原著は1990年発行なので、30年前の本です。 大学の教科書向けの本です。 教科書系の本によくあるように前半は理論というか概念の説明です。 なんでこういう構成なのか不思議でしたが、理論とか概念って30年経っても役立つ内容だからなんですね。 それとも(アンダース・エリクソンのいう)心的イメージを伝えようとしているのかもしれません。
並列のパラダイムを次の3つにわけて整理してます。
- 結果並列法(result parallelism)
- 専門家並列法(specialist parallelism)
- 手順並列法(agenda parallelism)
僕が今やりたいCPUバウンドな処理の並列化は1の結果並列法に入りそうです。 求める結果が分割できるので、結果を求める作業も分割した結果単位に分割して、並列化できます。
専門家並列法は、タスクの依存関係を整理して並列出来る処理を探す方法。 Conwayの法則 「organizations design systems that mirror their own communication structure.(組織は自らのコミュニケーション構造を反映したシステムを設計する)」っぽいなと思いました。 人を増やすだけでは並列数は増えなくて、組織にあったソフトウェアアーキテクチャにすると、実装タスクの並列数を増やせるのかな?とか考えました。
手順並列法は、並列に実行できる手順を定義する方法。 ActiveJobのジョブを実装する感じのようです。 分散データ構造が必要という話が出てきて、SidekiqでいうRedisのことだと理解しました。
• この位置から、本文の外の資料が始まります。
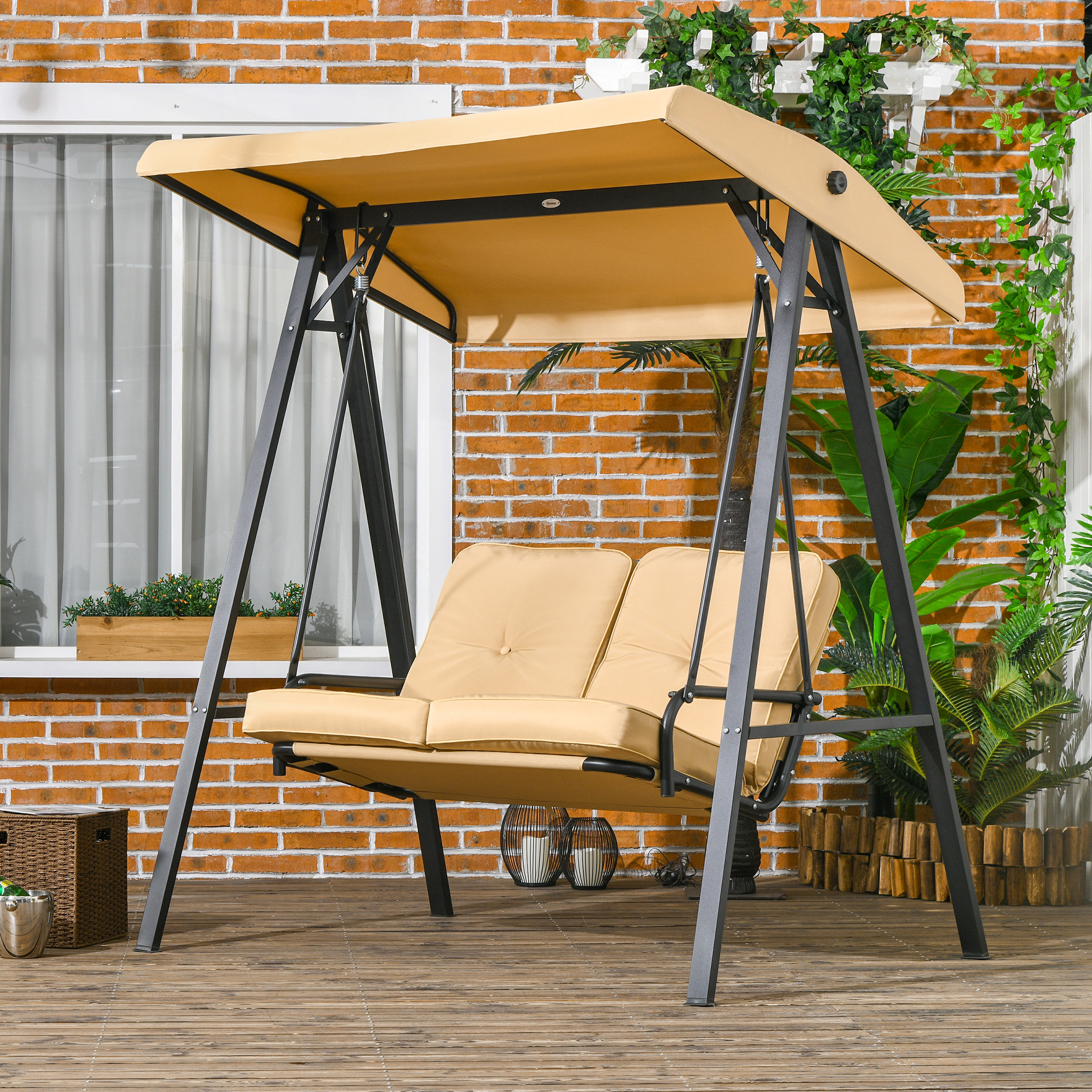 Hollywoodschaukel, 2-Sitzer Gartenschaukel mit verstellbarem Dach, bis 220 kg belastbar, 145 x 116 x 172 cm, Beige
書名の通り並列プログラムを作るときにどう考えて設計していけば良いのかが書かれてそうです。 30ページくらいしか読んでいません。
例としてn-体問題が出てきます。 三体に三体問題としてでてくるやつです。
てか、n-体問題って「力学モデル(Force-directed graph drawing)アルゴリズム」なのでは? 正確にはちがって、力学モデルはノードを良い感じに散らばらすためのアルゴリズムです。 力学モデルは繰り返し計算が必要で1値に収束しないで振動します。 これを1値に定めようとするとやたら難しくなるのがn-体問題に似ているように思いました。